Question about Quantifiers in java Regular expression

N

NeoGeoSNK

Hello,
I have learned Java Regular expression for a long time, but still
confused about Quantifiers:

import java.util.regex.*;
public class NRGRegex{
public static void main(String[] args){
Pattern p = Pattern.compile("a??");
String a = "aaa";
Matcher m = p.matcher(a);
while(m.find()){
System.out.println("found char = " + m.group() + " at " + m.start()
+ " and " + m.end()); }
}
}

the output result is:
found char = at 0 and 0
found char = at 1 and 1
found char = at 2 and 2
found char = at 3 and 3
here "a??" is Reluctant quantifiers but why all char 'a' not match
successful?

when I use greedy quantifiers Pattern p = Pattern.compile("a?");
the output result is:
found char = a at 0 and 1
found char = a at 1 and 2
found char = a at 2 and 3
found char = at 3 and 3

I think greedy quantifiers first eat whole string "aaa" at a time,
but why the emtry char at (0,0) (1,1) (2,2) can't match successful
compare with Reluctant quantifiers ?

Thanks!
 
J

Joshua Cranmer

NeoGeoSNK said:
Hello,
I have learned Java Regular expression for a long time, but still
confused about Quantifiers:

import java.util.regex.*;
public class NRGRegex{
public static void main(String[] args){
Pattern p = Pattern.compile("a??");
String a = "aaa";
Matcher m = p.matcher(a);
while(m.find()){
System.out.println("found char = " + m.group() + " at " + m.start()
+ " and " + m.end()); }
}
}

the output result is:
found char = at 0 and 0
found char = at 1 and 1
found char = at 2 and 2
found char = at 3 and 3
here "a??" is Reluctant quantifiers but why all char 'a' not match
successful?

The definition of "a?" means that either a is matched or it isn't.
Without a quantifier, it attempts to match a first and only omit the a
when it can't match. However, you specified the reluctant quantifier,
which makes the `?' operator attempt to not match first.

Psuedocode for "a?":
try to match `a' and then the rest of the regex
if match fails:
try to match nothing and rest of regex
return result of match
else:
return true

For "a??":
try to match nothing and then the rest of the regex
if match fails:
try to match `a' and rest of regex
return result of match
else:
return true

Since "a??" is the full regex, the first attempt (to match nothing) will
succeed at every point, and the fall back of matching `a' will never occur.
when I use greedy quantifiers Pattern p = Pattern.compile("a?");
the output result is:
found char = a at 0 and 1
found char = a at 1 and 2
found char = a at 2 and 3
found char = at 3 and 3

I think greedy quantifiers first eat whole string "aaa" at a time,
but why the emtry char at (0,0) (1,1) (2,2) can't match successful
compare with Reluctant quantifiers ?

Greedy means, essentially, to assume that a match will work and only
unmatch a character if it doesn't work. Reluctant quantifiers will
attempt to match the rest of the regex and only match more if it has to.

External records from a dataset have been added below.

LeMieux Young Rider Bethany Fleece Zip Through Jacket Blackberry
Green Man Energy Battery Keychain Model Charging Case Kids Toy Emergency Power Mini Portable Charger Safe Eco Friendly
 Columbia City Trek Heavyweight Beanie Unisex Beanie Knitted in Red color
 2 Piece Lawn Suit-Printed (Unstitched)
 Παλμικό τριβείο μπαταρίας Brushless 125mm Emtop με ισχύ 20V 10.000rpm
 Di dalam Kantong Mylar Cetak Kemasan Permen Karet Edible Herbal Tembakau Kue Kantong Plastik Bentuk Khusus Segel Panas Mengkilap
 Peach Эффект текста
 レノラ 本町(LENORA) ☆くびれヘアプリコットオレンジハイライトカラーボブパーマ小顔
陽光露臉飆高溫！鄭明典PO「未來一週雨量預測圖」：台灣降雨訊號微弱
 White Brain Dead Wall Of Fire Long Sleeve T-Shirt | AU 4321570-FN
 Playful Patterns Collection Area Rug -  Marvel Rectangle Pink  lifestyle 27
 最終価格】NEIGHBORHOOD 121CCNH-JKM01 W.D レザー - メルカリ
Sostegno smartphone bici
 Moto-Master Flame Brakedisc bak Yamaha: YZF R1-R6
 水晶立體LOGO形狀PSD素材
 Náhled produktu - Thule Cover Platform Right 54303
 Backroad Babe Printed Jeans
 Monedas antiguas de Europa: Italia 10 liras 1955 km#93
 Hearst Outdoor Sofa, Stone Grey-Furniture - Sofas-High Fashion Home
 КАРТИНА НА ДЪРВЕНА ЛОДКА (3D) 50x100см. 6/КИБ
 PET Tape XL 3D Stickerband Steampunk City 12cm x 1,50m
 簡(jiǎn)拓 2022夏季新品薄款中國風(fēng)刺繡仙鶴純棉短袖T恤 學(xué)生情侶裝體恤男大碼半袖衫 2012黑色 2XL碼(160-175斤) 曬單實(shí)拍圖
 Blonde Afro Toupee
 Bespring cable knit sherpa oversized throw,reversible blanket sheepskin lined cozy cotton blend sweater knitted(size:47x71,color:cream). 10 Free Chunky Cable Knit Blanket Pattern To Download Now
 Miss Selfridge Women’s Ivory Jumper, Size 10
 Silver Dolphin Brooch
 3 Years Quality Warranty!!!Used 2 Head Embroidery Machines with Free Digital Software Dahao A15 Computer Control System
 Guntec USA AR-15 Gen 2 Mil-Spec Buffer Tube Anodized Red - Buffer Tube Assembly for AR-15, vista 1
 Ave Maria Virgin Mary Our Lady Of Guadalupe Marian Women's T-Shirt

A typical example is this:
Finding a closing parenthesis in an arithmetic expression (can't handle
nested):
"(1+4)*5-6/(1+9)": the obvious regex "\\(.*\\)" will match the entire
string, whereas "\\(.*?\\)" will match only "(1+4)".

If you want to match "aaa", the regex "a*" or "a+" will do so.

Finally, there is the possessive quantifier, which refuses to backtrack
on failed matches. I can imagine that there are times when this would be
helpful, but none that I can think of off the top of my head...
 
N

NeoGeoSNK

NeoGeoSNK said:
Hello,
I have learned Java Regular expression for a long time, but still
confused about Quantifiers:
import java.util.regex.*;
public class NRGRegex{
public static void main(String[] args){
Pattern p = Pattern.compile("a??");
String a = "aaa";
Matcher m = p.matcher(a);
while(m.find()){
System.out.println("found char = " + m.group() + " at " + m.start()
+ " and " + m.end()); }
}
}
the output result is:
found char = at 0 and 0
found char = at 1 and 1
found char = at 2 and 2
found char = at 3 and 3
here "a??" is Reluctant quantifiers but why all char 'a' not match
successful?

The definition of "a?" means that either a is matched or it isn't.
Without a quantifier, it attempts to match a first and only omit the a
when it can't match. However, you specified the reluctant quantifier,
which makes the `?' operator attempt to not match first.

Psuedocode for "a?":
try to match `a' and then the rest of the regex
if match fails:
try to match nothing and rest of regex
return result of match
else:
return true

For "a??":
try to match nothing and then the rest of the regex
if match fails:
try to match `a' and rest of regex
return result of match
else:
return true

Since "a??" is the full regex, the first attempt (to match nothing) will
succeed at every point, and the fall back of matching `a' will never occur.
when I use greedy quantifiers Pattern p = Pattern.compile("a?");
the output result is:
found char = a at 0 and 1
found char = a at 1 and 2
found char = a at 2 and 3
found char = at 3 and 3
I think greedy quantifiers first eat whole string "aaa" at a time,
but why the emtry char at (0,0) (1,1) (2,2) can't match successful
compare with Reluctant quantifiers ?

Greedy means, essentially, to assume that a match will work and only
unmatch a character if it doesn't work. Reluctant quantifiers will
attempt to match the rest of the regex and only match more if it has to.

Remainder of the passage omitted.